[Avocado-devel] [RFC]: Avocado supportability and integration with avocado-vt

Ademar Reis areis at redhat.com
Mon Apr 4 21:47:23 UTC 2016


Hi Folks.

This is a proposal for the supportability of Avocado. We
understand there are now multiple teams depending on the
stability of Avocado and we don't want your work to be disrupted
by our changes.

TL;DR:

  We plan to keep the current approach of sprint releases every
  3-4 weeks, but we're introducing "Long Term Support" releases
  which should be adopted in production environments where users
  can't keep up with frequent upgrades.


Introduction
--------------

We make new releases of Avocado every 3-4 weeks on average.  In
theory at least, we're very careful with backwards compatibility.
We test Avocado for regressions and we try to document any
issues, so upgrading to a new version should be (again, in
theory) safe.

But we know in practice things have to change during development
and regressions are introduced by accident, thus frustrating more
conservative users. We also understand it's not feasible for
users to upgrade Avocado very frequently in a production
environment.

The objective of this RFC is to clarify our supportability
practices and introduce Long Term Support (LTS) releases, which
are intended to solve these issues.


What we support (maintain)
--------------------------

Avocado and its sub-projects are provided 'AS IS' and WITHOUT ANY
WARRANTY, as described in the LICENSE file. The supportability
described here is not a commitment, but a set of best practices
and recommendations.

When something is listed as "supported" it means the development
community makes a conscious effort to keep it working and
consider reports of bugs and issues as high priorities.  Fixes
submitted for these issues are also considered with high
priority, although they will be accepted only if they pass the
general acceptance criteria for new contributions (design,
quality, documentation, testing, etc), at the development team
discretion.

Supported Projects:
  - The Avocado test runner, including its core plugins and
    APIs (the main avocado git repository)
  - Packaged versions of Avocado for:
    - RHEL 7.x (latest)
    - RHEL 6.x (latest)
    - Fedora (stable, supported releases)
  - Hardware platforms: x86, ppc64, ppc64le

Contributions from the community to maintain other platforms and
operating systems are welcome. The list above may change without
prior notice (will be announced in the avocado-devel mailing
list).

Other projects kept under the "Avocado Umbrella" in github may be
maintained by different teams (e.g.: avocado-vt) or be considered
experimental (e.g.: avocado-server and avocado-virt).
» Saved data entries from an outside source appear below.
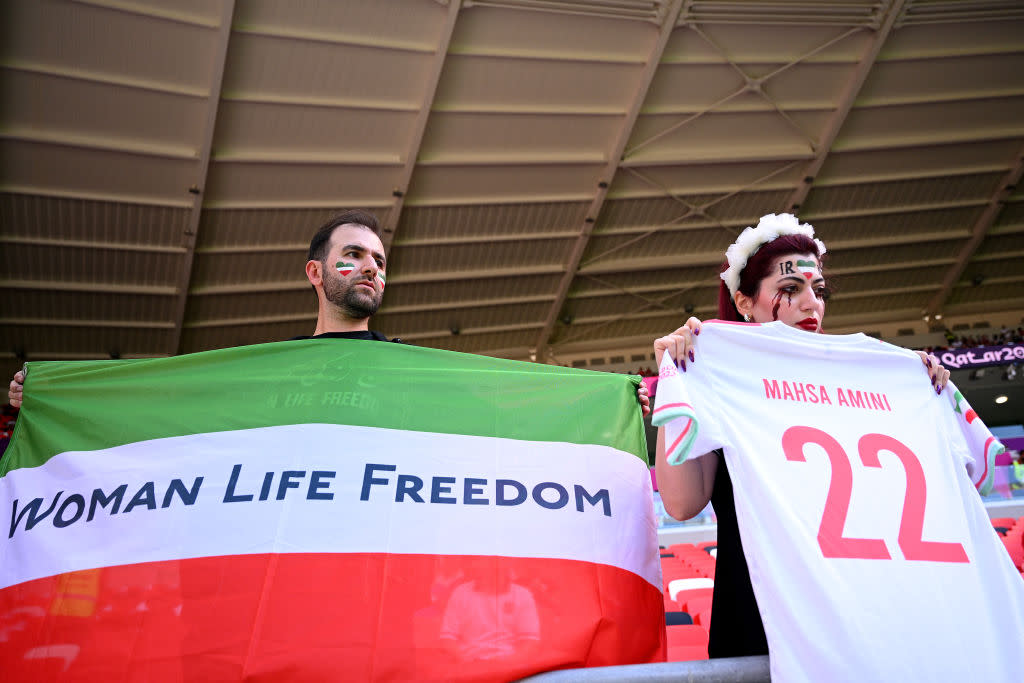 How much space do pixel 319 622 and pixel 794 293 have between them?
1.63 meters

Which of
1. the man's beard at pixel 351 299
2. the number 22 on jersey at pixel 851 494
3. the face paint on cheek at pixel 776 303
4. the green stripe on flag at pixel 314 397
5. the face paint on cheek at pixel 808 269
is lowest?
the number 22 on jersey at pixel 851 494

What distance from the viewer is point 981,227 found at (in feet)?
64.3

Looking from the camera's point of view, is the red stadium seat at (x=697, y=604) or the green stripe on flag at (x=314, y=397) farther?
the red stadium seat at (x=697, y=604)

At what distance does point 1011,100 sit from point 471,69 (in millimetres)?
12297

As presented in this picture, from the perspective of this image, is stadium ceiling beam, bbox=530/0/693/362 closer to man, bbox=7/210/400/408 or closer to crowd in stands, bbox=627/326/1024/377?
crowd in stands, bbox=627/326/1024/377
More about avocado-vt in a section further down.


Avocado Releases
----------------

The proposal is to have two different types of Avocado releases:

1. Sprint Releases:
  (This is the model we currently adopt in Avocado)
  
  They happen every 3-4 weeks (the schedule is not fixed) and
  their versions are numbered serially, with decimal digits.
  Example: 33.0, 34.0, 35.0.  Minor releases are rare, but
  necessary to correct some major issue with the original release
  (33.1, 33.2, etc).

  Only the latest Sprint Release is supported.
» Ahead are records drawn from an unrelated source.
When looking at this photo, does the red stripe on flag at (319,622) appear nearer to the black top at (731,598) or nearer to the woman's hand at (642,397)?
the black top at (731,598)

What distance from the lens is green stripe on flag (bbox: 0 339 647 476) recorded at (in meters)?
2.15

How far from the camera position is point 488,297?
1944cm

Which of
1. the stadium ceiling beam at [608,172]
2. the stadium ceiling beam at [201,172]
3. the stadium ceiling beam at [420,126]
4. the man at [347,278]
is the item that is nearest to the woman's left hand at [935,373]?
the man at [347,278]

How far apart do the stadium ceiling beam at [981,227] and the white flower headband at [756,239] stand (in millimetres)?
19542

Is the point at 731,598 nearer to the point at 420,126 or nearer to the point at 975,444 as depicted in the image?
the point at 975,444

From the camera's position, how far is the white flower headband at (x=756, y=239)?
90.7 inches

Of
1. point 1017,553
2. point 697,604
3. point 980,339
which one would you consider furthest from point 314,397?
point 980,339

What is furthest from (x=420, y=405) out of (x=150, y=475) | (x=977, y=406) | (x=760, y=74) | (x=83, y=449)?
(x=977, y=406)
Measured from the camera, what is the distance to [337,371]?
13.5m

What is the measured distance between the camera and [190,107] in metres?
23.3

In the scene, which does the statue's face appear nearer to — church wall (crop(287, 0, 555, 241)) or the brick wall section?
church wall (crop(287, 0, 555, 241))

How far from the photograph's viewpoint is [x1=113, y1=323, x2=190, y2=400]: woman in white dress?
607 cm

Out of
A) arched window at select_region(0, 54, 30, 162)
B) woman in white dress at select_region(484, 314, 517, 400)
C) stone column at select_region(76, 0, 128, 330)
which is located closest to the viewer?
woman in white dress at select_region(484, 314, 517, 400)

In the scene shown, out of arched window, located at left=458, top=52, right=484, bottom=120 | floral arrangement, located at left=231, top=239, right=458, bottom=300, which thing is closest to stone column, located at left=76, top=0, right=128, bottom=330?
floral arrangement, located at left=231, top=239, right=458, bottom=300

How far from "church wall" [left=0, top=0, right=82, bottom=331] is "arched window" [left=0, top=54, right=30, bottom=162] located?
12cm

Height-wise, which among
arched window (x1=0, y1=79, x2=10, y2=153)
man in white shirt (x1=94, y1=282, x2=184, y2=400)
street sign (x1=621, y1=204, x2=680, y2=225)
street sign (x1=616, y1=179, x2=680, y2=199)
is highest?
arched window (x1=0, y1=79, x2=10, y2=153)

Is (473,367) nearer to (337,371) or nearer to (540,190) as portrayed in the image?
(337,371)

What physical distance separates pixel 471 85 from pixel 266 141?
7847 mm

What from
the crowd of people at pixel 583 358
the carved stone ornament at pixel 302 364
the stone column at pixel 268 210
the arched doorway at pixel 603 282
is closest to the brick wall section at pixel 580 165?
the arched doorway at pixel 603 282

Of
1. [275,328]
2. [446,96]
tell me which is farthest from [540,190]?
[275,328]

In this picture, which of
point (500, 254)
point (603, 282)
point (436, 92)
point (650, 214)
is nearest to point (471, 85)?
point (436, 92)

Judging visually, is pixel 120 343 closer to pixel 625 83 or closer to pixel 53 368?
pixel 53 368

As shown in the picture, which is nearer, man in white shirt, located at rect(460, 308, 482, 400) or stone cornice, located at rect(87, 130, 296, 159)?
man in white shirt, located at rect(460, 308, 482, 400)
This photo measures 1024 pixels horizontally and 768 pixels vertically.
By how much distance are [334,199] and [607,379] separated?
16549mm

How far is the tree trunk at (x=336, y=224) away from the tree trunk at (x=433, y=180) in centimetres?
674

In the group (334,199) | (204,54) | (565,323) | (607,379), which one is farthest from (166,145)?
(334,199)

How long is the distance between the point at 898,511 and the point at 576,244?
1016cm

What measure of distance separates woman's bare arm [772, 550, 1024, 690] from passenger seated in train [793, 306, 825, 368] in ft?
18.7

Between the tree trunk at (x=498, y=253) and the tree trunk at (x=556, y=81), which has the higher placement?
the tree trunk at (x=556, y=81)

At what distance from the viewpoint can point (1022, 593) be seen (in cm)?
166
  In Sprint Releases we make a conscious effort to keep backwards
  compatibility in Avocado (APIs and behavior) and as a general
  rule and best practice, incompatible changes in Sprint Releases
  should be documented in the release notes and if possible
  slowly deprecated to give users time to adapt their
  environments.

  But we understand changes are inevitable as the software
  evolves and therefore there's no absolute promise for API and
  behavioral stability.

2. Long Term Support (LTS) Releases:

  LTS releases should happen whenever the team feels the code is
  stable enough to be supported for a longer period of time,
  ideally once or twice per year (no fixed schedule). They should
  be versioned just like Sprint Releases, but have a suffix 'lts'
  added to them (examples: 35.0lts, 36.1lts, etc).
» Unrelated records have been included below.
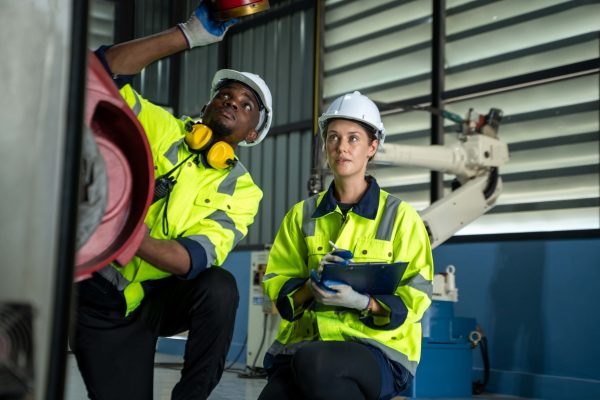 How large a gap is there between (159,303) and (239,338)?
6837 millimetres

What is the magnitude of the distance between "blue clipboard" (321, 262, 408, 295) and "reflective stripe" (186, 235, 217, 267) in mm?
335

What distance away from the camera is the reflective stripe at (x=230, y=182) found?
8.68ft

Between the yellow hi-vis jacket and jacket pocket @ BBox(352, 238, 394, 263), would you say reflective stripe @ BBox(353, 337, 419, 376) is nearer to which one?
jacket pocket @ BBox(352, 238, 394, 263)

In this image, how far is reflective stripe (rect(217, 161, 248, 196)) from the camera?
8.68 feet

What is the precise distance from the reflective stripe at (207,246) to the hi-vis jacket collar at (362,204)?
479 mm

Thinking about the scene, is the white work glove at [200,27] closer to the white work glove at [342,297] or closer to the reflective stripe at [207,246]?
the reflective stripe at [207,246]

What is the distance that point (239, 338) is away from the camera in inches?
368

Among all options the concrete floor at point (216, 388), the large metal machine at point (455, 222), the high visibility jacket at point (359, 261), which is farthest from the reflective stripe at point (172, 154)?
the large metal machine at point (455, 222)

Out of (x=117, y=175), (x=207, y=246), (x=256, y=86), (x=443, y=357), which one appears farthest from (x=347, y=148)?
(x=443, y=357)

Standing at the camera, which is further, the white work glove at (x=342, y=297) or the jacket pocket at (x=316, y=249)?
the jacket pocket at (x=316, y=249)

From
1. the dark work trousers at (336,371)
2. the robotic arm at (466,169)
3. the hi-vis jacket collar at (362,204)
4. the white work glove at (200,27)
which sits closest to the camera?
the white work glove at (200,27)

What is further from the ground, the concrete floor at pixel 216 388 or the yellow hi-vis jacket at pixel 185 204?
the yellow hi-vis jacket at pixel 185 204

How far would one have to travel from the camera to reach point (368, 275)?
96.3 inches

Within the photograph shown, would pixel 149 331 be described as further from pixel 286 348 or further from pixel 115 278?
pixel 286 348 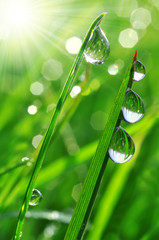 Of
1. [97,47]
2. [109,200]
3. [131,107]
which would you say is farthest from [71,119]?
[131,107]

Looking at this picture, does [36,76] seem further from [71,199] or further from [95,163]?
[95,163]

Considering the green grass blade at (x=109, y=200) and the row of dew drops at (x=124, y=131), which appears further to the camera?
the green grass blade at (x=109, y=200)

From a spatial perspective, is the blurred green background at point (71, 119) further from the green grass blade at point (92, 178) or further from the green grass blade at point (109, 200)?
the green grass blade at point (92, 178)

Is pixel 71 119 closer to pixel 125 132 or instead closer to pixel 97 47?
pixel 97 47

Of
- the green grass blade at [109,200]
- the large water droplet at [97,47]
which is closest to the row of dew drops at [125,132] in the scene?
the large water droplet at [97,47]

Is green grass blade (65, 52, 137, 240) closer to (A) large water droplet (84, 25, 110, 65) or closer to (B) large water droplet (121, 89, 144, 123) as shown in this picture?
(B) large water droplet (121, 89, 144, 123)

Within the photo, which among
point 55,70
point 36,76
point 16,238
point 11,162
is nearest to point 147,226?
point 11,162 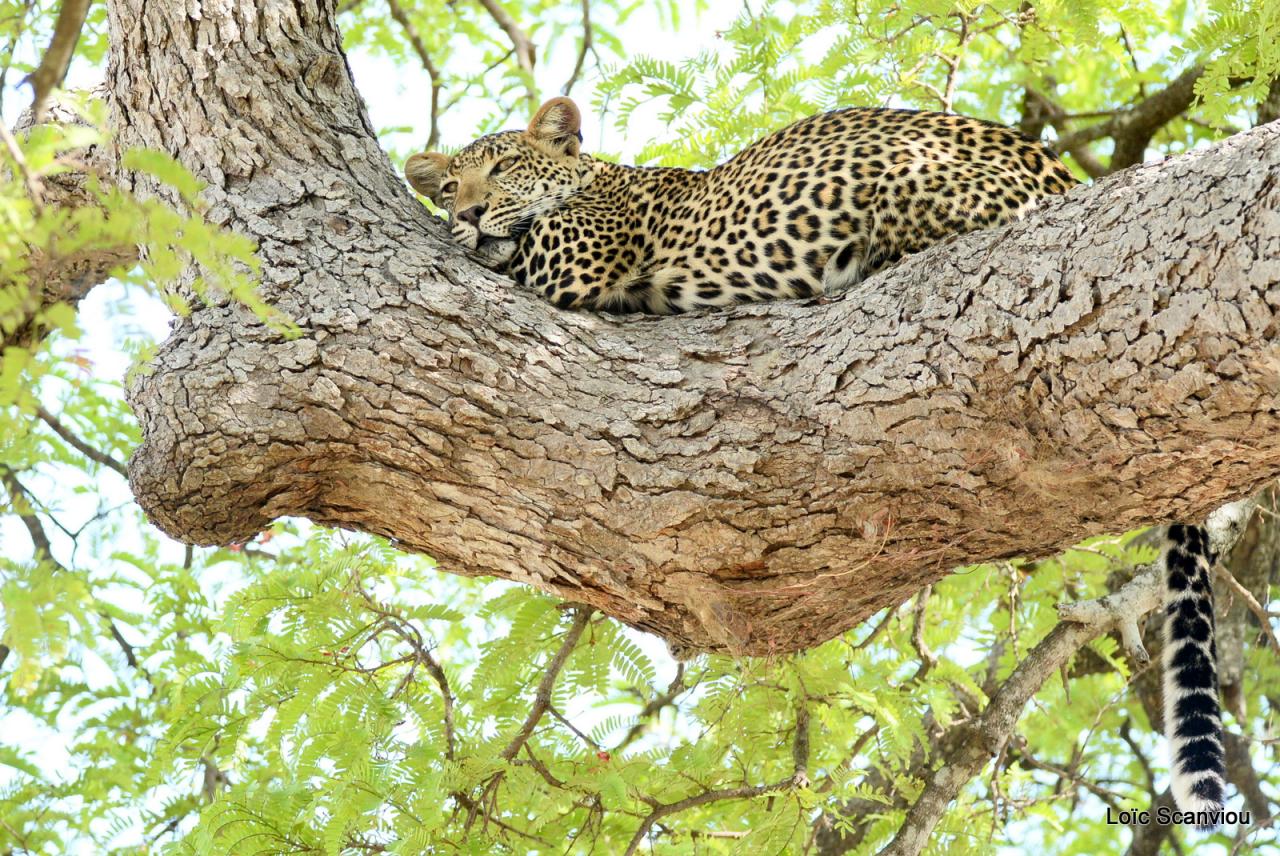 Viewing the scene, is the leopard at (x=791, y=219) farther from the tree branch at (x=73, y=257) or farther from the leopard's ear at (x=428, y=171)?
the tree branch at (x=73, y=257)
  They should be supported for 18 months, receiving fixes for
  major bugs in the form of minor (sub-)releases. With the
  exception of these fixes, no API or behavior should change in a
  minor LTS release.  In practice each LTS release will be
  tracked through a git branch where only serious issues
  affecting users are fixed. The code in a LTS branch is frozen
  and therefore stable.

  Notice that although within a LTS release there's a promise of
  stability because the code is frozen, different (major) LTS
  releases may include changes in behavior, API incompatibilities
  and new features. The development team will make a considerable
  effort to minimize and properly document these changes (changes
  when comparing it to the last major LTS release).

  Sprint Releases are replaced by LTS releases. I.e., in the
  cycle when 35.0lts is released, that's also the version used as
  a Sprint Release (there's no 35.0 -- non lts -- in this case).

  New LTS releases should be done carefully, with ample time for
  announcements, testing and documentation.  It's recommended
  that at least two sprints are dedicated as preparations for a
  LTS release, with the first Sprint Release serving as a "LTS
  beta" release.
 

Misc details
------------

Sprint and LTS releases, when packaged, should be preferably
distributed through different package channels (repositories).
Users can opt to follow whatever channel they prefer. The actual
layout of the packages repositories has not been specified yet.

Via pip, Avocado Sprint Releases will be made available.

The existence of LTS releases should never be used as an excuse
to break a Sprint Release or to introduce gratuitous
incompatibilities there. In other words, Sprint Releases should
still be taken seriously, just as they are today.


Timeline example
----------------

For simplicity, assume each sprint is taking 1 month. The number
of LTS releases is exaggerated to show how they would co-exist
before EOL.

    sprint release 33.0
    sprint release 34.0
       --> start preparing a LTS release, so 35.0 is a beta LTS
    sprint release 35.0
    RTL release 36.0lts (36lts branch is created)
       --> major bug is found, fix gets added to master and to
           the 36lts branch
    sprint release 37.0 + 36.1lts
    sprint release 38.0
       --> major bug is found, fix gets added to master and
           36lts branches
    sprint release 39.0 + LTS 36.2lts
    sprint release 40.0
    sprint release 41.0
       --> start preparing a LTS release, so 42.0 is a beta LTS
    sprint release 42.0
       --> review and document all compatibility changes
           and features introduced since 36.2lts
    RTL release 43.0lts (43lts branch is created)
    sprint release 44.0
    sprint release 45.0
      --> major bug is found, fix gets added to master and RTL
          branches 36lts and 43lts (if the bug affects users
          there)
    sprint release 46.0 + LTS 36.3lts + LTS 43.1lts
    sprint release 47.0
    sprint release 48.0
       --> start preparing a LTS release, so 49.0 is a beta LTS
    sprint release 49.0
       --> review and document all compatibility changes and
           features introduced since 43.1lts
    sprint release 50.0lts (50lts branch is created)
    sprint release 51.0
    sprint release 52.0
    sprint release 53.0
    sprint release 54.0
       --> EOL for 36lts (18 months since the release of 36.0lts)
    sprint release 55.0
    ...


avocado-vt
----------

avocado-vt is an Avocado plugin that allows "VT tests" to be run
inside Avocado.  It's a third-party project maintained mostly by
Engineers from Red Hat QE with assistance from the Avocado team.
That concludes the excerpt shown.